◆ ACTIVITY ◆
Using the listing, copy each whole line that features "Head".

◆ AVAILABLE DATA ◆

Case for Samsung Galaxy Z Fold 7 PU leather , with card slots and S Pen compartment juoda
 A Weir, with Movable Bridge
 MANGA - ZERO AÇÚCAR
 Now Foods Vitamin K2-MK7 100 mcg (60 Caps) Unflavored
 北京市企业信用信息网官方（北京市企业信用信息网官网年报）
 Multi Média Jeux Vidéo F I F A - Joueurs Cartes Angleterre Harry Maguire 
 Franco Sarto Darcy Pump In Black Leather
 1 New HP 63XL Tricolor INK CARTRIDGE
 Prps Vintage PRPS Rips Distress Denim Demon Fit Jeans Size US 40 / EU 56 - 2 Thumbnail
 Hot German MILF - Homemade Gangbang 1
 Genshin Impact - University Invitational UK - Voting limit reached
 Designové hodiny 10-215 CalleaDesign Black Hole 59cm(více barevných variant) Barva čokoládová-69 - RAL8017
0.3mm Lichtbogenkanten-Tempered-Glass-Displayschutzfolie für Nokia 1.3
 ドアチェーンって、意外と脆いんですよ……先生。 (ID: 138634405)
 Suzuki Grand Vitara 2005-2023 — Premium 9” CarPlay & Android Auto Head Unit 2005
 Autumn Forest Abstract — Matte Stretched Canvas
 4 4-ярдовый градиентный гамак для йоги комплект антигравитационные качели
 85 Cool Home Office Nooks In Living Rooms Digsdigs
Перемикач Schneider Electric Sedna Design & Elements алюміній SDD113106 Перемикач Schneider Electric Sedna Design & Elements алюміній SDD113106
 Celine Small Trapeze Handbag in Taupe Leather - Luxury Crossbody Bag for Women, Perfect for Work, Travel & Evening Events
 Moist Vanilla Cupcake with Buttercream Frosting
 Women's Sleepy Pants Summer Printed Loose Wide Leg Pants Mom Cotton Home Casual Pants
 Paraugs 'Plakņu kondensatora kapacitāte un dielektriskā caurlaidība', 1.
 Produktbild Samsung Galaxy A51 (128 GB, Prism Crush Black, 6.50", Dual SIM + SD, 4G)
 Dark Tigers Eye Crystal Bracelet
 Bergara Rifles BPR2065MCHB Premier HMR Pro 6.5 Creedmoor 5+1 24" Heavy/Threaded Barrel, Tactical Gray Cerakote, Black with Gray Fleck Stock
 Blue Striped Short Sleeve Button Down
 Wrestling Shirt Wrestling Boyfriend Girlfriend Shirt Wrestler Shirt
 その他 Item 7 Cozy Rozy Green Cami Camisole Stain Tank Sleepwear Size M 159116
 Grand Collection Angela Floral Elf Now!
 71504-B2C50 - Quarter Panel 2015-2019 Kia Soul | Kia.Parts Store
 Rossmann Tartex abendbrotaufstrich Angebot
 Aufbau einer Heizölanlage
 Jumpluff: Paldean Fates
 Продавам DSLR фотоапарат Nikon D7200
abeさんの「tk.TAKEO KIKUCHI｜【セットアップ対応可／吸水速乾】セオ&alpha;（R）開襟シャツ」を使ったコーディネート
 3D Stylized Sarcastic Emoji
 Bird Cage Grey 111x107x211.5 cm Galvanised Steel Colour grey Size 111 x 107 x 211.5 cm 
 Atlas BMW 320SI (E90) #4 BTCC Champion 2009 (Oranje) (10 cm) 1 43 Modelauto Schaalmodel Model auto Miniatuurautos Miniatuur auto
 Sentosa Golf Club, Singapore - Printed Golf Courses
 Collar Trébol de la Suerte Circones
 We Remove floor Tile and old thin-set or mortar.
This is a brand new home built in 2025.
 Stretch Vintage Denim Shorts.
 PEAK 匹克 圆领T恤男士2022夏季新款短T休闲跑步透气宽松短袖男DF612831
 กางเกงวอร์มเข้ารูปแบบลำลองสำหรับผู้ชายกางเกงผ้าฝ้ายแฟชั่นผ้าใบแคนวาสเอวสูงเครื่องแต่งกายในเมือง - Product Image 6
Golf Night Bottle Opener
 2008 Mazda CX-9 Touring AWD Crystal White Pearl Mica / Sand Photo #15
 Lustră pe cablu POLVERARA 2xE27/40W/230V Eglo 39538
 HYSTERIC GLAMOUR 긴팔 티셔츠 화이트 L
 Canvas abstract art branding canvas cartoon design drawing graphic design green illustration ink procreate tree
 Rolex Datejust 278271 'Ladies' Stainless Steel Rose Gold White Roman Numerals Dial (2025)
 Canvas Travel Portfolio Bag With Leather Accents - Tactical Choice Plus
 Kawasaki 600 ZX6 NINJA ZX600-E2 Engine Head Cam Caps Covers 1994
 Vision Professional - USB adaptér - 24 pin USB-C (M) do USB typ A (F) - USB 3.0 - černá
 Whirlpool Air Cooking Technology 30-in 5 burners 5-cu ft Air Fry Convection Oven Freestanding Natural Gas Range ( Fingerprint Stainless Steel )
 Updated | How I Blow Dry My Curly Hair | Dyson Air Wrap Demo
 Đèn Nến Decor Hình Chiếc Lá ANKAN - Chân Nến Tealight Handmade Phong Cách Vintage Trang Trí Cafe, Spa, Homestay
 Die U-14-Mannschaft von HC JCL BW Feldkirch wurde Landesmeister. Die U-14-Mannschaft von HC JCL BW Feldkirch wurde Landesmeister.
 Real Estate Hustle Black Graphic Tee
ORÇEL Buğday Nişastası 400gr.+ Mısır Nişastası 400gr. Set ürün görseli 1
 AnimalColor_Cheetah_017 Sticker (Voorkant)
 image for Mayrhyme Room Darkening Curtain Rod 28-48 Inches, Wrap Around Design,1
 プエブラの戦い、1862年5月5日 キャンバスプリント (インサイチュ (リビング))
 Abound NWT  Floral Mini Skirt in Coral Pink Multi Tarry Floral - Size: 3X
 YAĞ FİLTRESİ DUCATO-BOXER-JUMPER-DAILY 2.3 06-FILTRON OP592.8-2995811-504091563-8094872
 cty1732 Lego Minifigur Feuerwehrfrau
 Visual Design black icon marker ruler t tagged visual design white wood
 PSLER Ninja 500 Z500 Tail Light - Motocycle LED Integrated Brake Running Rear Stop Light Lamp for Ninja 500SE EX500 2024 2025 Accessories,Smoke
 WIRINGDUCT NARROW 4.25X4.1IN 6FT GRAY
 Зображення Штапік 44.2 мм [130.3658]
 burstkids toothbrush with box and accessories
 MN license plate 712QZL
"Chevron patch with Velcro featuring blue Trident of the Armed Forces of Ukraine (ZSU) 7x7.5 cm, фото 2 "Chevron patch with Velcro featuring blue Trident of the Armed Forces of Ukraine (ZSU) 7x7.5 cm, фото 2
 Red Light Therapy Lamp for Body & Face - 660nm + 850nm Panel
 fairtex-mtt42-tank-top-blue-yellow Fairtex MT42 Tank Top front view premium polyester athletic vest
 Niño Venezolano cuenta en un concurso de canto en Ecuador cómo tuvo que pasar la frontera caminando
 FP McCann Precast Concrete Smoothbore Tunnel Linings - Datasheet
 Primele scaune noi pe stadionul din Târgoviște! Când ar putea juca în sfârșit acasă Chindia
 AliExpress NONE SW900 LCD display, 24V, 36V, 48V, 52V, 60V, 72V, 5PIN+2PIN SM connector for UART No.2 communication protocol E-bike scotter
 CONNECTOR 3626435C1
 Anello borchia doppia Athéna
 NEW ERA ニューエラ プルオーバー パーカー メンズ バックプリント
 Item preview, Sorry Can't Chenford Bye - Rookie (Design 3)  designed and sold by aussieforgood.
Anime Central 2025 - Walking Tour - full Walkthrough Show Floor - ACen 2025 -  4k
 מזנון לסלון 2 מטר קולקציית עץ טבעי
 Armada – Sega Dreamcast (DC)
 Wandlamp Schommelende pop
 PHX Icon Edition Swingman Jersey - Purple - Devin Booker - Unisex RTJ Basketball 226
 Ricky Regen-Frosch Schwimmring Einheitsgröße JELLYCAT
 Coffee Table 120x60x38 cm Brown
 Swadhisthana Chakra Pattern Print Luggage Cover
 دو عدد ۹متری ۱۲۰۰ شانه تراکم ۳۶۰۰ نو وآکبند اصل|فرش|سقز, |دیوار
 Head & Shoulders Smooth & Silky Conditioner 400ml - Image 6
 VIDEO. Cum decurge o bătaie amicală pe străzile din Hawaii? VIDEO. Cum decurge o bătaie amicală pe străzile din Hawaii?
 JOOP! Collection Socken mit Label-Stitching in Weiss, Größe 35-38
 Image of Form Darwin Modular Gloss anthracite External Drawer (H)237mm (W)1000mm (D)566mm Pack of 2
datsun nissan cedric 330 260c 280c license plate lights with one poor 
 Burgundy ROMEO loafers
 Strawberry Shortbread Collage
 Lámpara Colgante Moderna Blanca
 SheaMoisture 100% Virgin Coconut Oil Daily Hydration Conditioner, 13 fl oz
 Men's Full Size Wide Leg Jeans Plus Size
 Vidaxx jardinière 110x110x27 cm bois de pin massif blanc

◆ RESULT ◆
 Suzuki Grand Vitara 2005-2023 — Premium 9” CarPlay & Android Auto Head Unit 2005
 Kawasaki 600 ZX6 NINJA ZX600-E2 Engine Head Cam Caps Covers 1994
 Head & Shoulders Smooth & Silky Conditioner 400ml - Image 6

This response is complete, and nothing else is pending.